> **EXERCISE REQUIREMENTS**: Each line of the data must reappear exactly in your answer, with no images included.

> **DATA SECTION**:
━━━
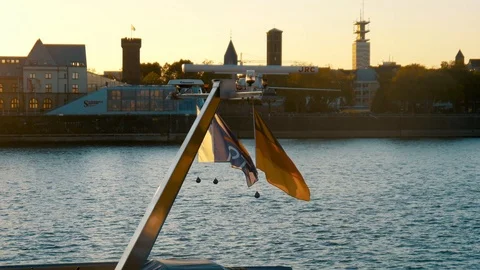 Germany Flag Blowing In The Wind With River Rhein In The Background Stock Footage 96240137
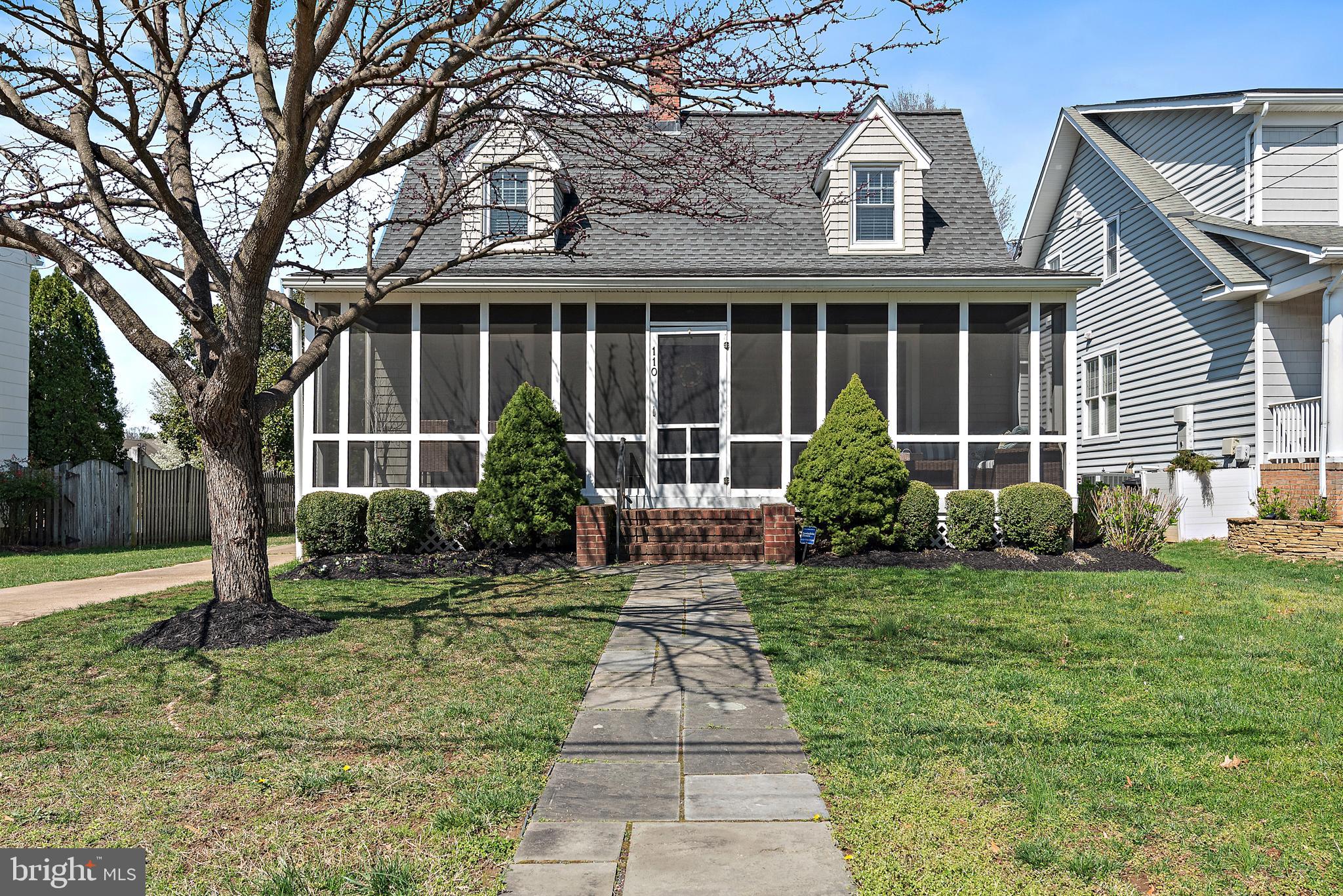 Nestled in the heart of Homewood, on one of the prettiest streets in the neighborhood, this light-filled charming 5 bedroom, 4 bathroom home in Annapolis is just a short distance from downtown. Walk to the library or nearby shops. This property offers an incredible screened-in front porch, hardwood floors, an expansive back deck, flagstone patio, large level backyard, and more. Owners and guests will benefit from a private driveway with room for five vehicles and a detached one-car garage. 

On the main level, you’ll be welcomed by a traditional foyer with a coat closet, a living room with cozy gas fireplace, a dining room that is next to an all-white kitchen with stainless steel appliances that looks into an airy den that takes you to the back deck, patio, and large yard. On this main level, you will find a large bedroom with a double closet and an en suite bathroom.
━━━
> **RESPONSE TO THE EXERCISE**:
 Germany Flag Blowing In The Wind With River Rhein In The Background Stock Footage 96240137
 Nestled in the heart of Homewood, on one of the prettiest streets in the neighborhood, this light-filled charming 5 bedroom, 4 bathroom home in Annapolis is just a short distance from downtown. Walk to the library or nearby shops. This property offers an incredible screened-in front porch, hardwood floors, an expansive back deck, flagstone patio, large level backyard, and more. Owners and guests will benefit from a private driveway with room for five vehicles and a detached one-car garage. 

On the main level, you’ll be welcomed by a traditional foyer with a coat closet, a living room with cozy gas fireplace, a dining room that is next to an all-white kitchen with stainless steel appliances that looks into an airy den that takes you to the back deck, patio, and large yard. On this main level, you will find a large bedroom with a double closet and an en suite bathroom.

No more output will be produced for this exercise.